About this exercise => Return the line containing "Acuvity- Security for" and every line beneath it through the end of the entries below, unchanged. Pictures stay out.

=== Entries supplied ===

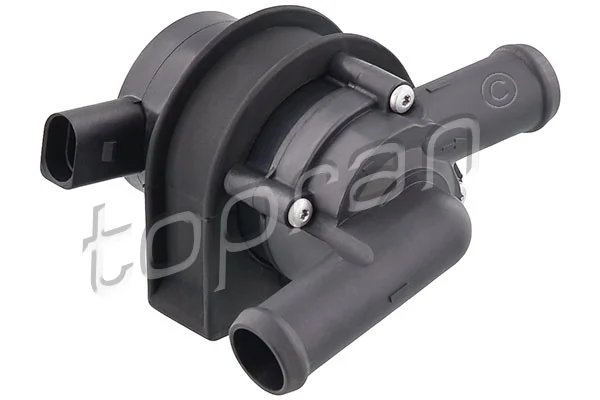 Auxiliary Water Pump (cooling water circuit)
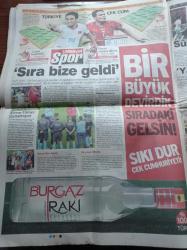 Milliyet Gazetesi - 15 Haziran 2008 -Beren Saat - Tomris Giritlioğlu -2008 Avrupa Şampiyonası - Türkiye Çek Cumhuriyeti Maçı - Şarap Tanrısına Sansür - Bergüzar Korel Artık Şehrazata Zıt Rol İstiyor - Avrupa Birliğinin Ölüm Fermanı İmzalandı - Ünlü Bestekar Avni Anıl'ı Kaybettik - İlker Başbuğ - Türk Silahlı Kuvvetleri Seviyesiz Karalama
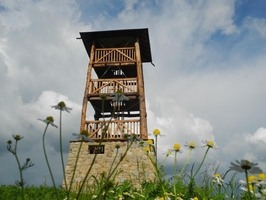 Rozhledna Hostišová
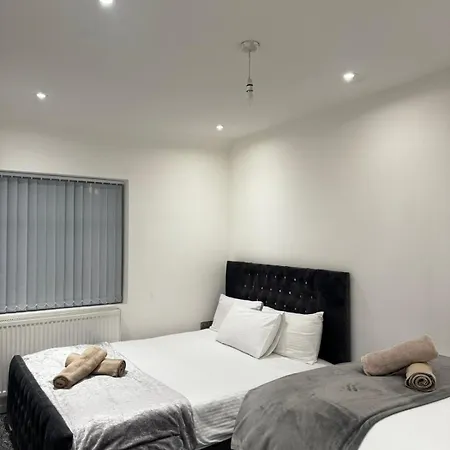 Ferienhaus Willow Haven Manchester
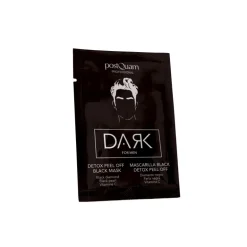 SACHET DETOX BLACK MASK PEEL OFF MEN 10ML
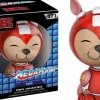 Designer Vinyl>Megaman Mega Man - Rush Dorbz Vinyl Figure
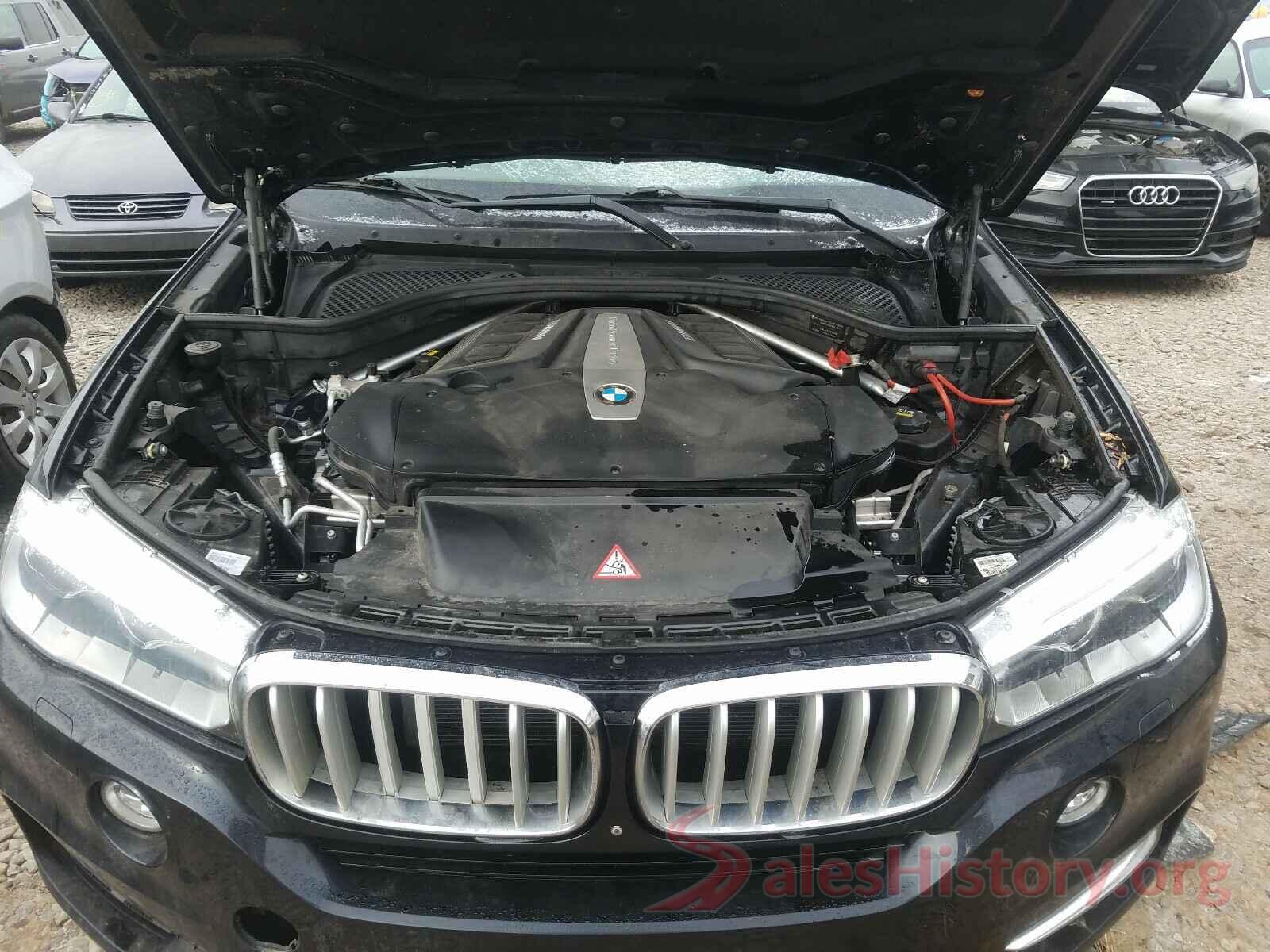 5UXKR6C5XG0J80170 2016 BMW X5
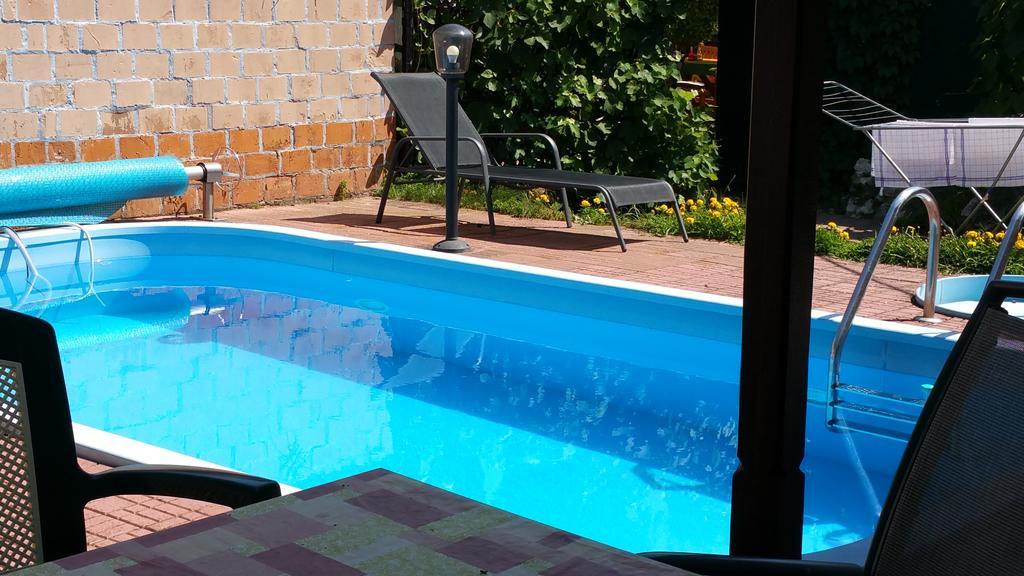 Pension Tip-Top Târgu-Mureş Esterno foto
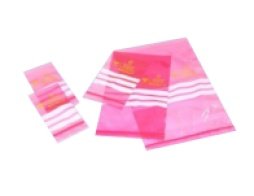 PINK ANTISTATIC BAG 4 x 6 "(100 x 155 MM) OPEN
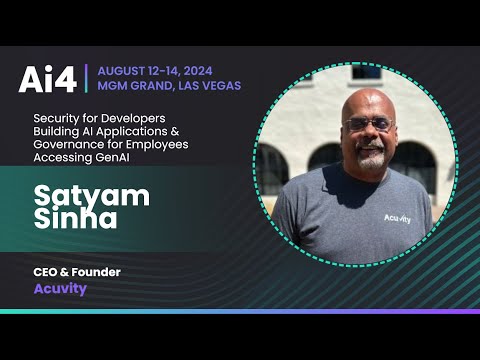 Acuvity- Security for Developers Building AI Applications & Governance for Employees Accessing GenAI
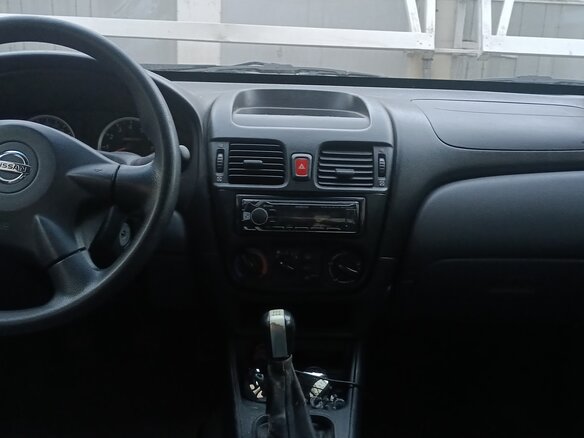 2005 Nissan Almera II (N16) Рестайлинг, серебристый, 230000 рублей - вид 7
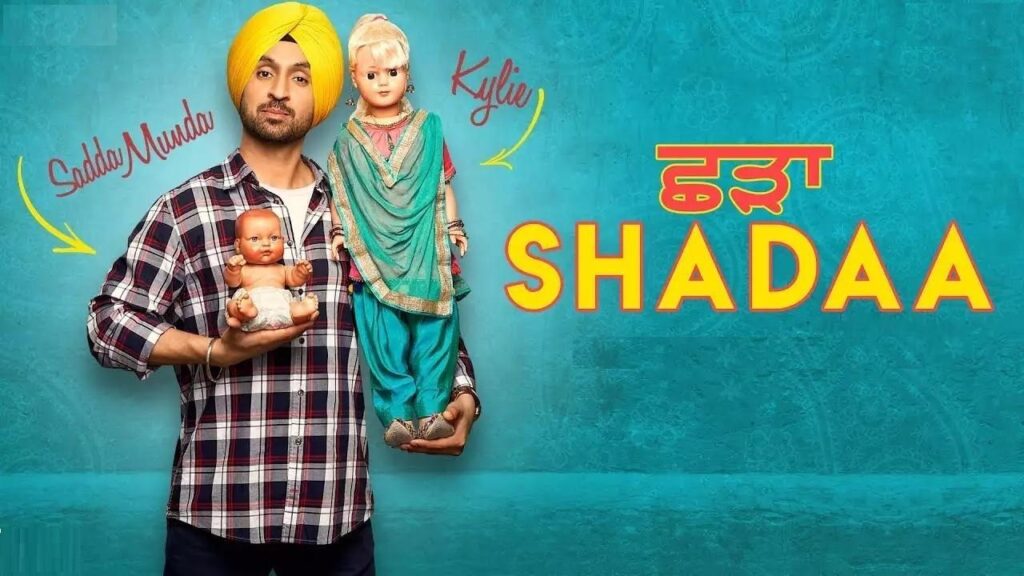 مشاهدة فيلم Shadaa 2019 مترجم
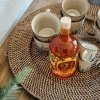Winter Łoś - kubek świąteczny kamionkowy do espresso 70 ml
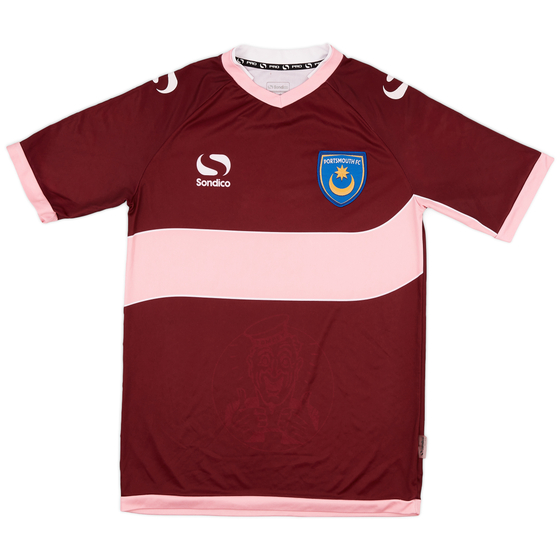 2013-14 Portsmouth Third Shirt - 9/10 - (S)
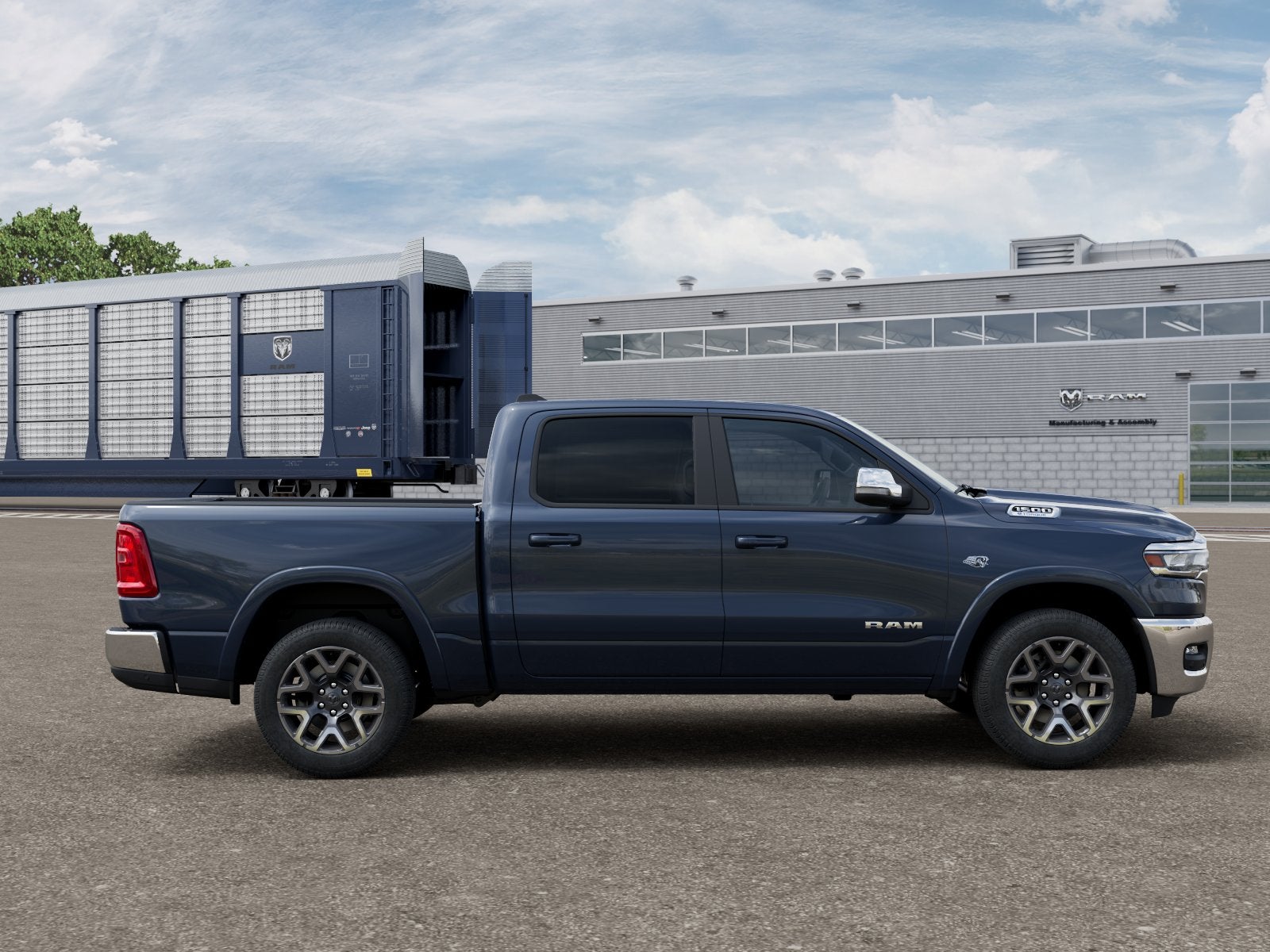 2026 RAM Ram 1500 Laramie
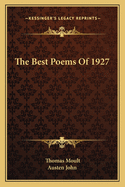 The Best Poems of 1927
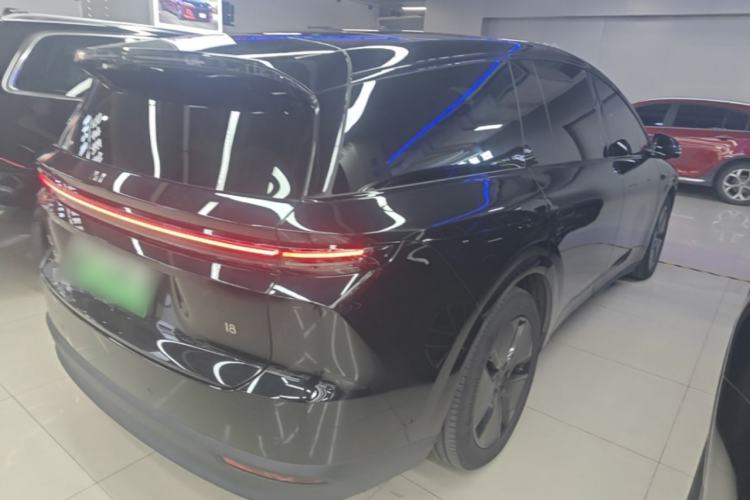 Used Li Auto i8 2025 Model Standard Version Rear Right 45 Deg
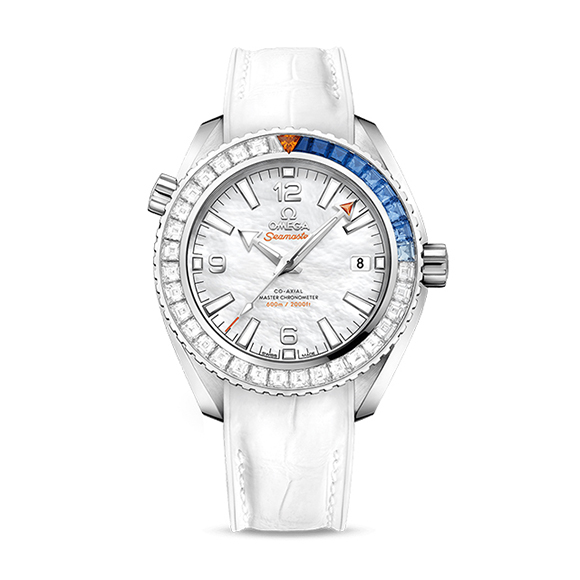 SEAMASTER PLANET OCEAN 600M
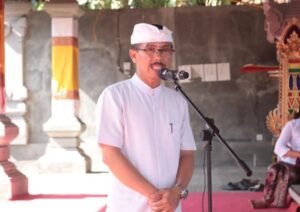 Plt. Kepala Dinas Pendidikan Kabupaten Gianyar, Made Mawa.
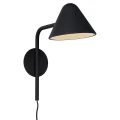 Kinkiet DEVON LED Czarny 3W 3000K Lucide 202150530  5411212201836 lampynox noxbox www.lampynox.pl 2.jpg
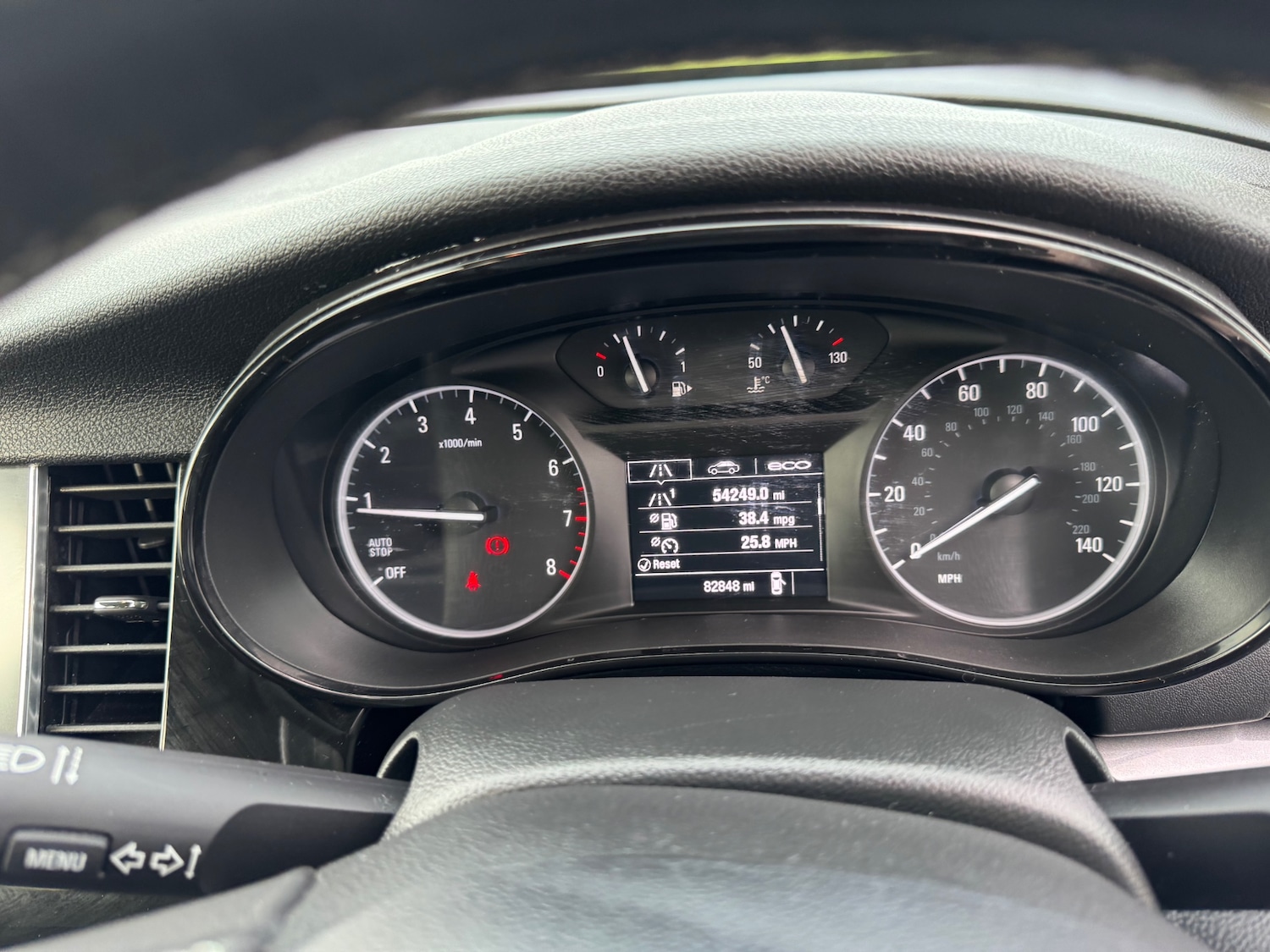 Used Vauxhall Mokka X 2018 for sale - 76464507: Photo 8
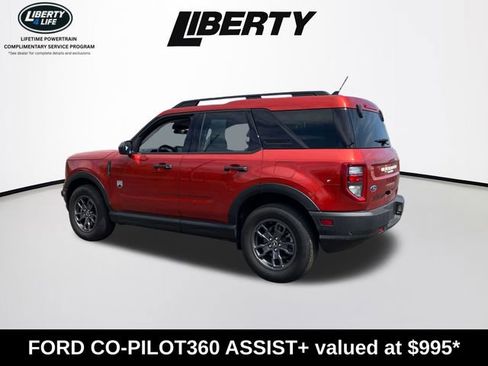 Used 2024 Ford Bronco Sport Big Bend w/ Convenience Package image 3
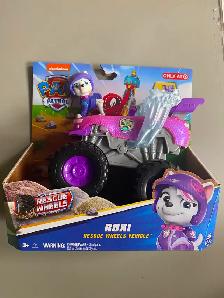 Roxi Paw Patrol-Rescue wheels vehicle Toy only for $19.99 - Photo 2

===

Answer area =>
 Acuvity- Security for Developers Building AI Applications & Governance for Employees Accessing GenAI
 2005 Nissan Almera II (N16) Рестайлинг, серебристый, 230000 рублей - вид 7
 مشاهدة فيلم Shadaa 2019 مترجم
Winter Łoś - kubek świąteczny kamionkowy do espresso 70 ml
 2013-14 Portsmouth Third Shirt - 9/10 - (S)
 2026 RAM Ram 1500 Laramie
 The Best Poems of 1927
 Used Li Auto i8 2025 Model Standard Version Rear Right 45 Deg
 SEAMASTER PLANET OCEAN 600M
 Plt. Kepala Dinas Pendidikan Kabupaten Gianyar, Made Mawa.
 Kinkiet DEVON LED Czarny 3W 3000K Lucide 202150530  5411212201836 lampynox noxbox www.lampynox.pl 2.jpg
 Used Vauxhall Mokka X 2018 for sale - 76464507: Photo 8
 Used 2024 Ford Bronco Sport Big Bend w/ Convenience Package image 3
 Roxi Paw Patrol-Rescue wheels vehicle Toy only for $19.99 - Photo 2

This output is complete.